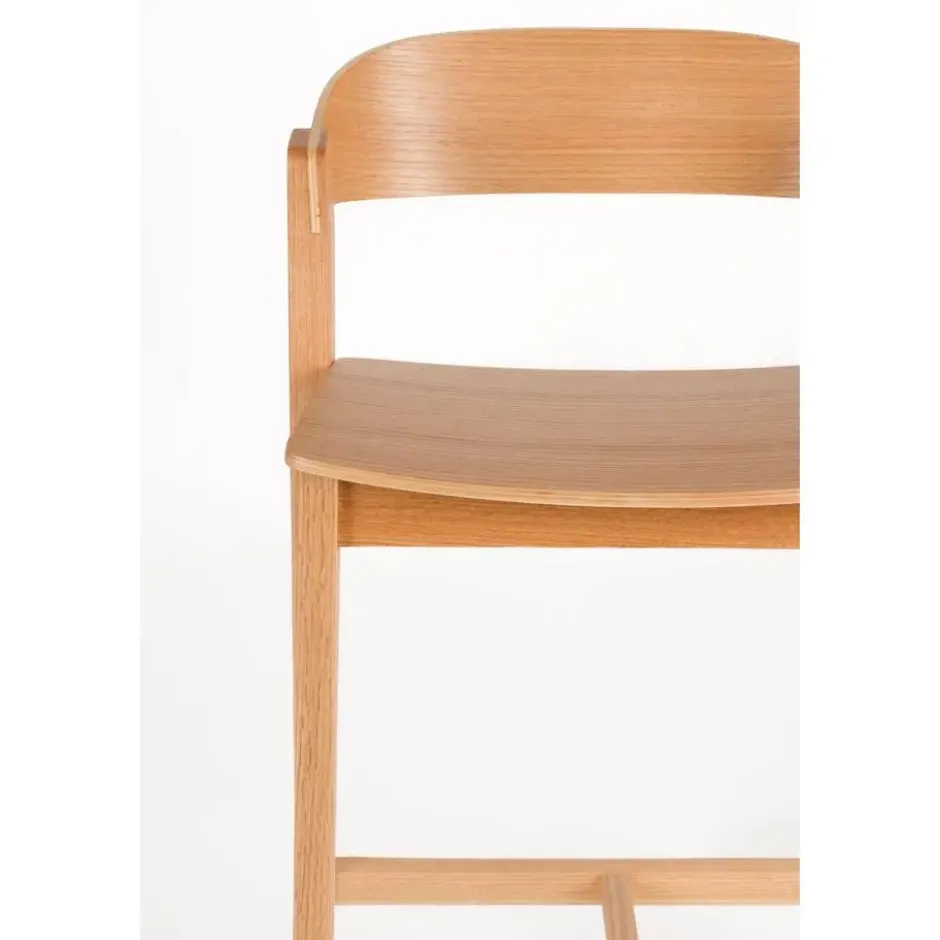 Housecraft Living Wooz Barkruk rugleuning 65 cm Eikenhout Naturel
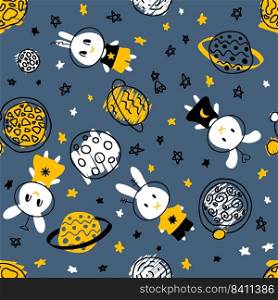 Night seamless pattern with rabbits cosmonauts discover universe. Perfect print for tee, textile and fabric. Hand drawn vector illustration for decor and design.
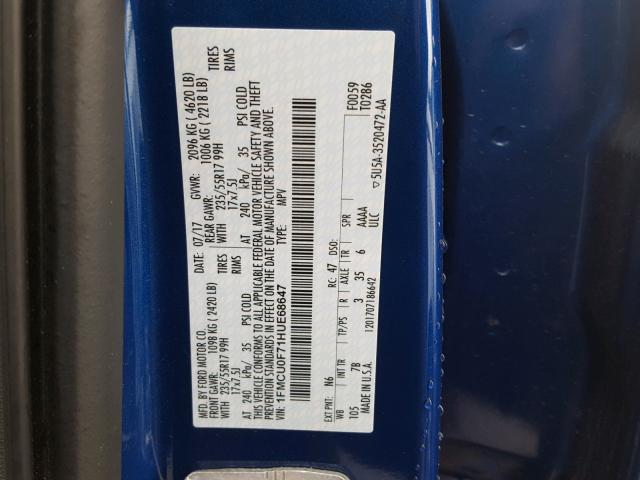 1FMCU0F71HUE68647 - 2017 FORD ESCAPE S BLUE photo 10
☆ ☆ ☆
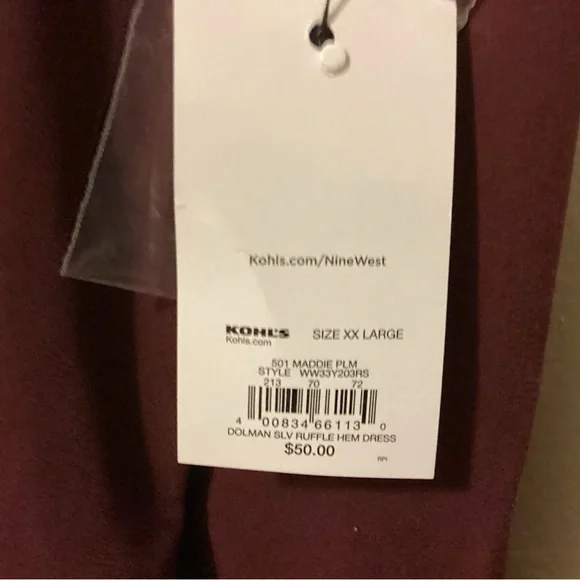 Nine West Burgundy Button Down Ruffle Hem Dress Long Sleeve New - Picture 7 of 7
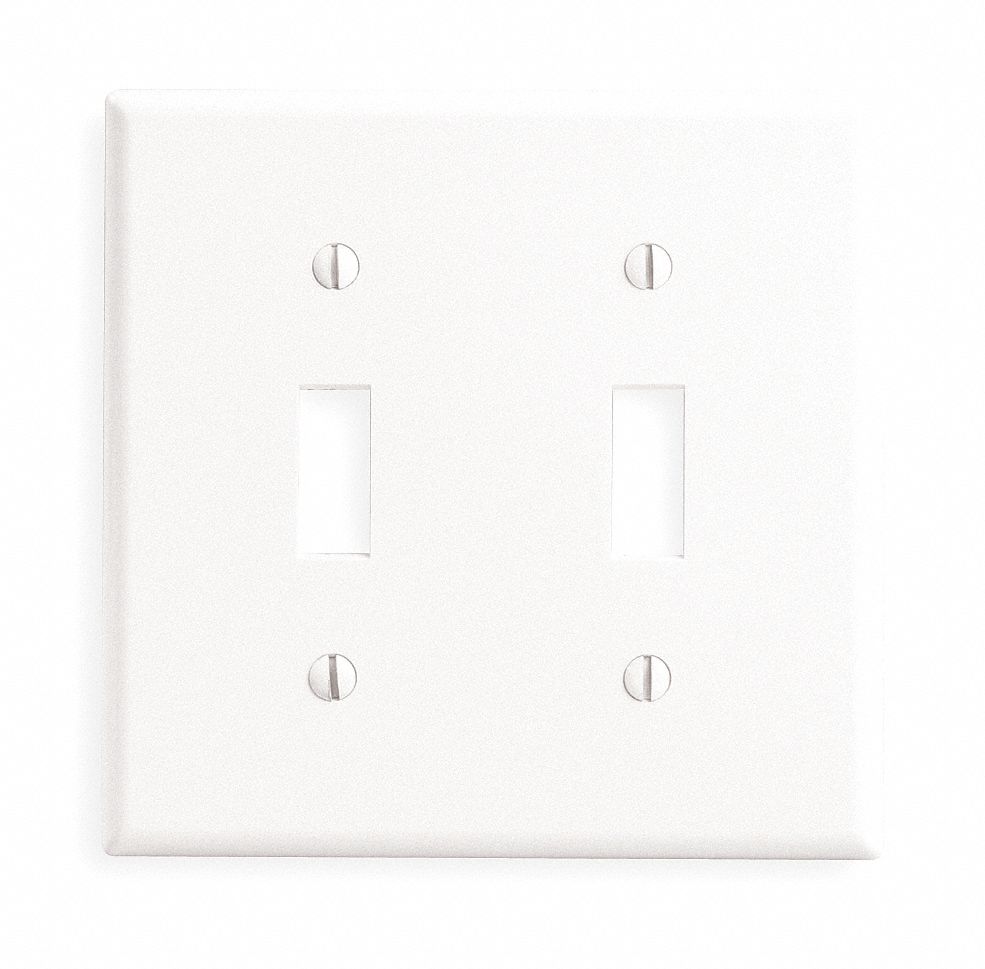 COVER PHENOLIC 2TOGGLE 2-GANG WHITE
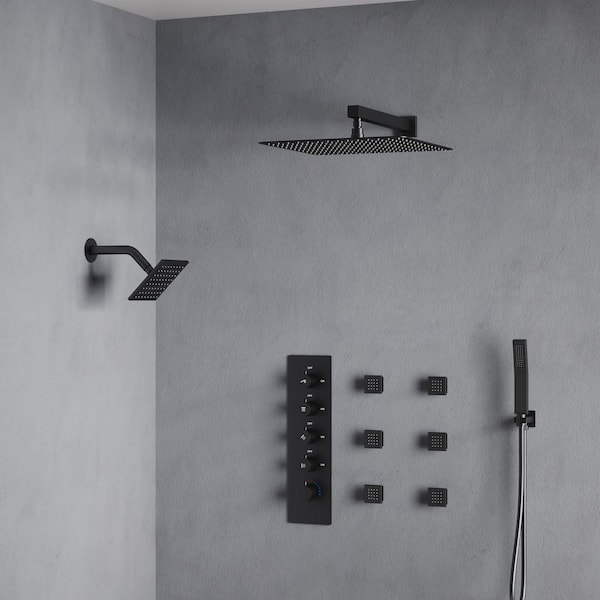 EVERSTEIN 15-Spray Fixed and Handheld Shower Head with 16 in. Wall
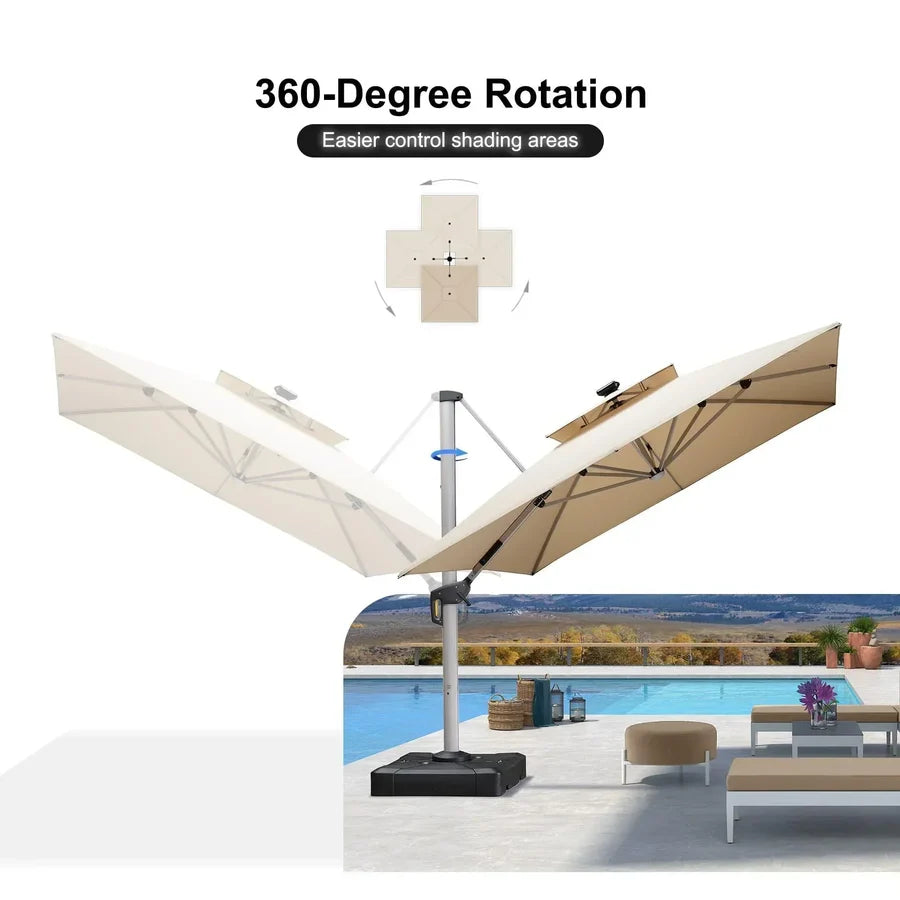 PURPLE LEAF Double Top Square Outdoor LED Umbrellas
☆ ☆ ☆
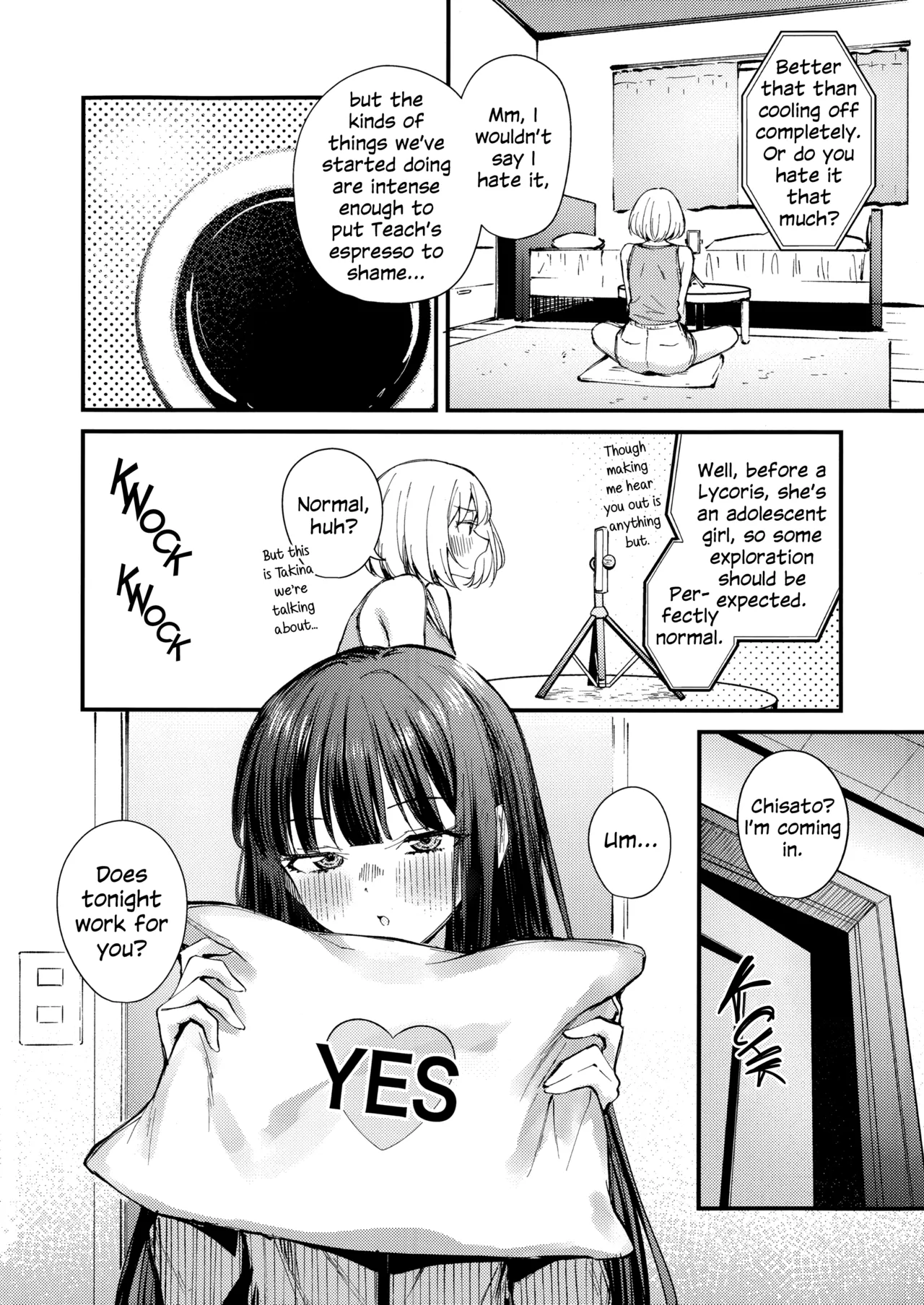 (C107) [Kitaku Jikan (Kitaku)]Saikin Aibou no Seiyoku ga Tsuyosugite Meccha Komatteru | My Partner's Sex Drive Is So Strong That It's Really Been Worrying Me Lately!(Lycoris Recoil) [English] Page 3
☆ ☆ ☆
In the records above, find the line with "Night seamless pattern" and the line with "1FMCU0F71HUE68647 - 2017", then restate word for word only those two lines and all lines between, omitting pictures.

 Night seamless pattern with rabbits cosmonauts discover universe. Perfect print for tee, textile and fabric. Hand drawn vector illustration for decor and design.
 1FMCU0F71HUE68647 - 2017 FORD ESCAPE S BLUE photo 10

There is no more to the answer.